80s This decade saw the introduction of inexpensive personal computers. In libraries – Card catalogs are replaced by OPACs allowing non- specialists access to online information. – Online information started to use full text.
full-text retrieval In the scientific abstract databases full-text is not that important. But in legal databases, it is. Lexis were the first to provide full-text access. Later they were followed by the newspapers. They were among the first non-reference publishers to adopt computerized typesetting. These databases contained text only.
research effort The vector model was still the start, but researcher tried to using dictionaries to disambiguate terms in documents and queries. Some work was done on bi-lingual retrieval. Some work was done on part of speech assignments. Research made no impact on real-world commercial systems.
CD ROM In the late 80s the CD-ROM appeared to make a dent in online information retrieval. The CD-ROM fits the standard print publishing model. Sharing CD-ROMs however, proved a nightmare in libraries.

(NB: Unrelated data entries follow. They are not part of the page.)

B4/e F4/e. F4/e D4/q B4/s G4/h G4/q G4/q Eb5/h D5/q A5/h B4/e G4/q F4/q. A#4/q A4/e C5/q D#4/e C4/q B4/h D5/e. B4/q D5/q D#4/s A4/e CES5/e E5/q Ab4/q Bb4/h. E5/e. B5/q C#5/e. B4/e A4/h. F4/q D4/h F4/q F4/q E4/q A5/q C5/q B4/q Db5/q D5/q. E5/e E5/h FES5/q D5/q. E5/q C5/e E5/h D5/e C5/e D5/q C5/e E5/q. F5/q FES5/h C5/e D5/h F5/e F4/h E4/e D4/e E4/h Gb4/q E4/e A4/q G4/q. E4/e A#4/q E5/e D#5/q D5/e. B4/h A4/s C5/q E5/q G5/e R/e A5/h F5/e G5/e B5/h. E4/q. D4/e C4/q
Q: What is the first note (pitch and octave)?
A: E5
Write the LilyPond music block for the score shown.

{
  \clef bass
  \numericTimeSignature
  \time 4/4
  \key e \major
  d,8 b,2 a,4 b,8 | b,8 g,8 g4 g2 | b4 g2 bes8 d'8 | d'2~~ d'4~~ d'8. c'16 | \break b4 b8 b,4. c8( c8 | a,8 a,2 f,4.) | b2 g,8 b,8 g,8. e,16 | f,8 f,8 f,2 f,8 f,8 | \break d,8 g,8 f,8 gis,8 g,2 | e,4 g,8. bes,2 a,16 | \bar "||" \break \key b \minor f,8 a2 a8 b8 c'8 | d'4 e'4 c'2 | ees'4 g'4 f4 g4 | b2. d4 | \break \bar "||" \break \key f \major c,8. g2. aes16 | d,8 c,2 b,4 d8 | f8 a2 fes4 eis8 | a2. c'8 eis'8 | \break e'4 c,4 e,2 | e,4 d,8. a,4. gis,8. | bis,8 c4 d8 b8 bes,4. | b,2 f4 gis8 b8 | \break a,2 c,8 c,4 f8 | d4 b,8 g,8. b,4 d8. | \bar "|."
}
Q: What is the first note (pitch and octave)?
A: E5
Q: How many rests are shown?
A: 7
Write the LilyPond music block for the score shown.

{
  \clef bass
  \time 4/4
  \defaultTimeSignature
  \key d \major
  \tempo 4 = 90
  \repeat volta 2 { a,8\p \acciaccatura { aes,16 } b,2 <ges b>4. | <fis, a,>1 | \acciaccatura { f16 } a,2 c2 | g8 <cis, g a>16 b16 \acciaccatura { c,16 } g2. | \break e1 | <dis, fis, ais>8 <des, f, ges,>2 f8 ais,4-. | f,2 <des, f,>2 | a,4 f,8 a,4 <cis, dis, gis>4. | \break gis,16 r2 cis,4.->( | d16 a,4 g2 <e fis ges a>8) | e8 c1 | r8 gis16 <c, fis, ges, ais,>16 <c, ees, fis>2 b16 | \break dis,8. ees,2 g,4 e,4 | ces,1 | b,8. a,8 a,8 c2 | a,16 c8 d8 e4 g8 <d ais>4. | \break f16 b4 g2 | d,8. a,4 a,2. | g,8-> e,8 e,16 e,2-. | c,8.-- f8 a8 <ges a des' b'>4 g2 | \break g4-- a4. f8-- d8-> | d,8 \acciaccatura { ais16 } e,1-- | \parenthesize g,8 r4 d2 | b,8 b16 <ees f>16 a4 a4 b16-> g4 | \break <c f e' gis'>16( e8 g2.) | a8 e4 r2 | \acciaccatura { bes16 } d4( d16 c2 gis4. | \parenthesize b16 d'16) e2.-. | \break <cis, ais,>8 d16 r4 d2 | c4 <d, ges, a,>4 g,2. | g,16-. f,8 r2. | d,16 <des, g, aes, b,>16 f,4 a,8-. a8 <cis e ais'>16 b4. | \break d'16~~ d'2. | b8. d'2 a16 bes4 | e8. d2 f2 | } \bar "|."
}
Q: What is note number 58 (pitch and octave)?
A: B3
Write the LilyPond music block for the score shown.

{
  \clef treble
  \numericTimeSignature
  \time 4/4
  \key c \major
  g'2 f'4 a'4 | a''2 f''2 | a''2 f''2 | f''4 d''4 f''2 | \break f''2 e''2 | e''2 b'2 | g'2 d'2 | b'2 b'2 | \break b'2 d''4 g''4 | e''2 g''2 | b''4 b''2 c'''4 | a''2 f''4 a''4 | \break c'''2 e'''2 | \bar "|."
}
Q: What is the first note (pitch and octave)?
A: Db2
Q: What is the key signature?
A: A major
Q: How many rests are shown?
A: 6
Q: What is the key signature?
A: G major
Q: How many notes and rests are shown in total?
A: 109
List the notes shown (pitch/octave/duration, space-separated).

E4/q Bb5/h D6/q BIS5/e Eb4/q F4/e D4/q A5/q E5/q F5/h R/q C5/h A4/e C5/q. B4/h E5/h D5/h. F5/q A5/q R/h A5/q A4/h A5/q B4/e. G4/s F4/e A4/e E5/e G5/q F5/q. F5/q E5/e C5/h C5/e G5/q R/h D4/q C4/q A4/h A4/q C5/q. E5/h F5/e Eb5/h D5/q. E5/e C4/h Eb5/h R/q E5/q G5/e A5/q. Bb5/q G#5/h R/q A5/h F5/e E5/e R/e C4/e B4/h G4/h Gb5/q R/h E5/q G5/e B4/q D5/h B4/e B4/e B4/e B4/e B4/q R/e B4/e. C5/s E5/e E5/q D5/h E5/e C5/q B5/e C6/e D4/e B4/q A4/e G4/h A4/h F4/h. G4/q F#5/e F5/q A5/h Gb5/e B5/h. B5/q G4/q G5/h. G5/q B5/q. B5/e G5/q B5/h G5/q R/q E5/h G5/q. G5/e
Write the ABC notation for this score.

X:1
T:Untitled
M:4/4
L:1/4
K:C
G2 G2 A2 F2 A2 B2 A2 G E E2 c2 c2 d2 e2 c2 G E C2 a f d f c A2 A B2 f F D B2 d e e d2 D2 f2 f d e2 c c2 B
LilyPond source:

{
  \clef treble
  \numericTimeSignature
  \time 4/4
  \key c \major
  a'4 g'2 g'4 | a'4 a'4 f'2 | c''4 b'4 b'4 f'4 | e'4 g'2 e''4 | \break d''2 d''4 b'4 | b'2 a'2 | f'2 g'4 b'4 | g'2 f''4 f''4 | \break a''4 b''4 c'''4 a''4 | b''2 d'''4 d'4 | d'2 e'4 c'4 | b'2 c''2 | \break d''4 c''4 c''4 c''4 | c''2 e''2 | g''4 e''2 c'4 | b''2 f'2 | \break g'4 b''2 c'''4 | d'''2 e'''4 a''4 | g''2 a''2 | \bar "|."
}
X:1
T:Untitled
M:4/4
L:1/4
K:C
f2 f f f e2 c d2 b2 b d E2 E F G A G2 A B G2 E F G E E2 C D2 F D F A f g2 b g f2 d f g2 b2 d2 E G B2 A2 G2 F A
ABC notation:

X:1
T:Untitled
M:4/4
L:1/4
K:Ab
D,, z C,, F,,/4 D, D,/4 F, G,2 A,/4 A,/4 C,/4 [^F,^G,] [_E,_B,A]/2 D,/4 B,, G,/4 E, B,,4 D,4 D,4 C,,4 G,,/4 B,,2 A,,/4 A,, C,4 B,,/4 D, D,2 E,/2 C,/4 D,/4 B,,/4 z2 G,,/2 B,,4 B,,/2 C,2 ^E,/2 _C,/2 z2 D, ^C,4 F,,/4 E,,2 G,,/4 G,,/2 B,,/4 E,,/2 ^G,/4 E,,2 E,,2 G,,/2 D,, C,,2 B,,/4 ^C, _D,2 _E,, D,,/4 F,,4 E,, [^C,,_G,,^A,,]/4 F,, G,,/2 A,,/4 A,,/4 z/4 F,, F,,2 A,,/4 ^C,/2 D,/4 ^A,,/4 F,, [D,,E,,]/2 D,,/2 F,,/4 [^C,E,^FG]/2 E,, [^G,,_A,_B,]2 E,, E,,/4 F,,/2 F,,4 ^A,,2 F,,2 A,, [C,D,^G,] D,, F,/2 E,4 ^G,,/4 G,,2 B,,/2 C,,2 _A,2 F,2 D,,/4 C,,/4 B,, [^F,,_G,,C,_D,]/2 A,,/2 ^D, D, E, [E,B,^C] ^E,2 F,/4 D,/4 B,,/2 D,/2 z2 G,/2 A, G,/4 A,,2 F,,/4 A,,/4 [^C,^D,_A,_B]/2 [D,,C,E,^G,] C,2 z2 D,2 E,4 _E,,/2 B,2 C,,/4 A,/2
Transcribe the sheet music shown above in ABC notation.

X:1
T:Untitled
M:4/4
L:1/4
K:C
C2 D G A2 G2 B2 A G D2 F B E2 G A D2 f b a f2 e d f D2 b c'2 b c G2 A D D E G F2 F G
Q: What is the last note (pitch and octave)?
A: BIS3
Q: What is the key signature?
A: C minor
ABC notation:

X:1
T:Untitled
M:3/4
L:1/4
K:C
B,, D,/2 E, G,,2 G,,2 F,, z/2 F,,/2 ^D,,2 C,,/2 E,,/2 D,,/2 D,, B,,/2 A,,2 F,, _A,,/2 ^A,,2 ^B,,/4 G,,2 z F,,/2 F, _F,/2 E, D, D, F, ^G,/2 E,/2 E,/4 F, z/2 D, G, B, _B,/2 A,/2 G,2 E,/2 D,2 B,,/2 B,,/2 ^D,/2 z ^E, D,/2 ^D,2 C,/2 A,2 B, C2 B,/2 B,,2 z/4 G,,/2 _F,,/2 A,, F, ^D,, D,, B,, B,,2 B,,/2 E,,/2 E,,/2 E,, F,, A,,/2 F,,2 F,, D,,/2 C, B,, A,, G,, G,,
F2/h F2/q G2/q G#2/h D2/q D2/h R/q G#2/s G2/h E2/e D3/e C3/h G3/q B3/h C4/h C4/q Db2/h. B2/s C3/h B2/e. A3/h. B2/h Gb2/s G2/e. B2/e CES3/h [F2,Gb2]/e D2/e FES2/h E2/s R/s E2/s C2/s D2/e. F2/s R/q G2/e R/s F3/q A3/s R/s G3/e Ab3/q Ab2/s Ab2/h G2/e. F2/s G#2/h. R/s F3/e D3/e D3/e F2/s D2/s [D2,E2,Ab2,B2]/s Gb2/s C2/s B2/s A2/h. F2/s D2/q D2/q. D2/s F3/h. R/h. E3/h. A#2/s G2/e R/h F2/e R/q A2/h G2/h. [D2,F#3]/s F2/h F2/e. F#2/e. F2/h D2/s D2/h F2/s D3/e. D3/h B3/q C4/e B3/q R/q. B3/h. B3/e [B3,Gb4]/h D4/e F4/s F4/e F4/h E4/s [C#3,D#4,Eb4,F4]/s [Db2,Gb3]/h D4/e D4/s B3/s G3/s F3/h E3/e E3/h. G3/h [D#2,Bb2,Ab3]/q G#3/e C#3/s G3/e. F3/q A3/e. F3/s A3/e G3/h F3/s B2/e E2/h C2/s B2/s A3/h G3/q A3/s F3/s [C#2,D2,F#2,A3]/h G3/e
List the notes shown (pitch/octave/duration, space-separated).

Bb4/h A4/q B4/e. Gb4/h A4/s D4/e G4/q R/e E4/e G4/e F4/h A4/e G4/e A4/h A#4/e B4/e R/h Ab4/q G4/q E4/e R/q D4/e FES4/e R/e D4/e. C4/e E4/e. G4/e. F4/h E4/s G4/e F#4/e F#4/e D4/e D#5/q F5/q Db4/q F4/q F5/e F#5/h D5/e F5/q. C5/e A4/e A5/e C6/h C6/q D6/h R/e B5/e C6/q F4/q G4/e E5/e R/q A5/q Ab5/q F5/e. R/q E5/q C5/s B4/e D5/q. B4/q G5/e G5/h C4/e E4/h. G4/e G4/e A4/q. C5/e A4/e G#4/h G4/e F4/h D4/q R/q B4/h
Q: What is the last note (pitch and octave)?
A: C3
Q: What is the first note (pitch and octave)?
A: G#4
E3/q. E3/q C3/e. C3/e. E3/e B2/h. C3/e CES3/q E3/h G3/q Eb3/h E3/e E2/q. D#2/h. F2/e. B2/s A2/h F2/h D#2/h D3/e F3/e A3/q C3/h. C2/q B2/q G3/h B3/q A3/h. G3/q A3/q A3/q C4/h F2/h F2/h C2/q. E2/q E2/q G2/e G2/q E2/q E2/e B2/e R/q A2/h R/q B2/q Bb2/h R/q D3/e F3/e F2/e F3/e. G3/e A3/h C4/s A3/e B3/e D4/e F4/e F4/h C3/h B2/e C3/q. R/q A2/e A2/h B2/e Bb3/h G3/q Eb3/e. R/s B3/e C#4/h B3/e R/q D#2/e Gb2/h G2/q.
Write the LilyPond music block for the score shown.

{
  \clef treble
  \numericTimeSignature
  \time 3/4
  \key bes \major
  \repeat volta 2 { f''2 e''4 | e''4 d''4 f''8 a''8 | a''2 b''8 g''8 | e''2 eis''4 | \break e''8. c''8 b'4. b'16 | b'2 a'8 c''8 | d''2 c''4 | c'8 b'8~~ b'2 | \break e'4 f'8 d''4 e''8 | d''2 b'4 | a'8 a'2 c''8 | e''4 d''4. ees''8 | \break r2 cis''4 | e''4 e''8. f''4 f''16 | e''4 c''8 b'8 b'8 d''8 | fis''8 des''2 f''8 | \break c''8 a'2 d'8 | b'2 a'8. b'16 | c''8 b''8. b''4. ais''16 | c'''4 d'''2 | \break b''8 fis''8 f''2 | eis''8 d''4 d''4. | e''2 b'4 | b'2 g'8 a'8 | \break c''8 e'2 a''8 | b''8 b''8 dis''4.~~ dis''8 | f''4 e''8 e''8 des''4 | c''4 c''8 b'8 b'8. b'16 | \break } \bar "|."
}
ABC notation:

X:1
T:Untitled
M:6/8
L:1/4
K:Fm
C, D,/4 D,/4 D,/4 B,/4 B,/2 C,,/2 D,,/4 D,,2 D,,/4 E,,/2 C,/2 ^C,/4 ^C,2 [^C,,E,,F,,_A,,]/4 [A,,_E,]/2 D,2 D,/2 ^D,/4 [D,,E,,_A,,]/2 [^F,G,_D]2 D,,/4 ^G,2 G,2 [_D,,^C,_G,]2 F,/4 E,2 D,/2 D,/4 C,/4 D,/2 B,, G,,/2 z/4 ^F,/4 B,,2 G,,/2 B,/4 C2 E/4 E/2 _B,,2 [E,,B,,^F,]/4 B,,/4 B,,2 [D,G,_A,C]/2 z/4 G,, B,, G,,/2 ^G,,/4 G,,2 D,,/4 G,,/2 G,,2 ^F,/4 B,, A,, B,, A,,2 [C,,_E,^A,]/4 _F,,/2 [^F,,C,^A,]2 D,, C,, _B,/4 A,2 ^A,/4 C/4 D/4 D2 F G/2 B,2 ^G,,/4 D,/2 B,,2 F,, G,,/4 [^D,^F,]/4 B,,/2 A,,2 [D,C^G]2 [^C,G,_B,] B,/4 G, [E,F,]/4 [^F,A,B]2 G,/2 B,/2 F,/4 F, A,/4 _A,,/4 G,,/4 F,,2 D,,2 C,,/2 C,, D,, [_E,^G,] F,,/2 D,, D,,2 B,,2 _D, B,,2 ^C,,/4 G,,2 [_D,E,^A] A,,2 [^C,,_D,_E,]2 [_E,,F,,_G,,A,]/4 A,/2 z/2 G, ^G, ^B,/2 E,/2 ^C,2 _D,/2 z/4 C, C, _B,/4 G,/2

90s The 90s were the decade of the Internet. Online information retrieval become common. The CD-ROM lost out.
integration of graphics The web became compelling as soon as a graphical user interface was introduced by the mosaic browser. This introduced the subject of multimedia information retrieval, largely defined to research experiments before, out in the open.
start of search engines Early search engines looked at the web with the eyes of earlier information retrieval engines. The essentially applied the vector model to the text extracted from web pages. But web pages also contain also pictures and more importantly, links.
Stanford digital library project Run at Stanford between 1995 and 2004 by a group of researchers to “provide an infrastructure that affords interoperability among heterogeneous, autonomous digital library services.” In 1996 as Sergei Brin and Larry Page started to work on a project to analyze the links between web pages.
web information retrieval I argue that web information retrieval is different from conventional retrieval because on the web pages have different intrinsic values. The PageRank algorithm is a simple algorithm to make such values appear.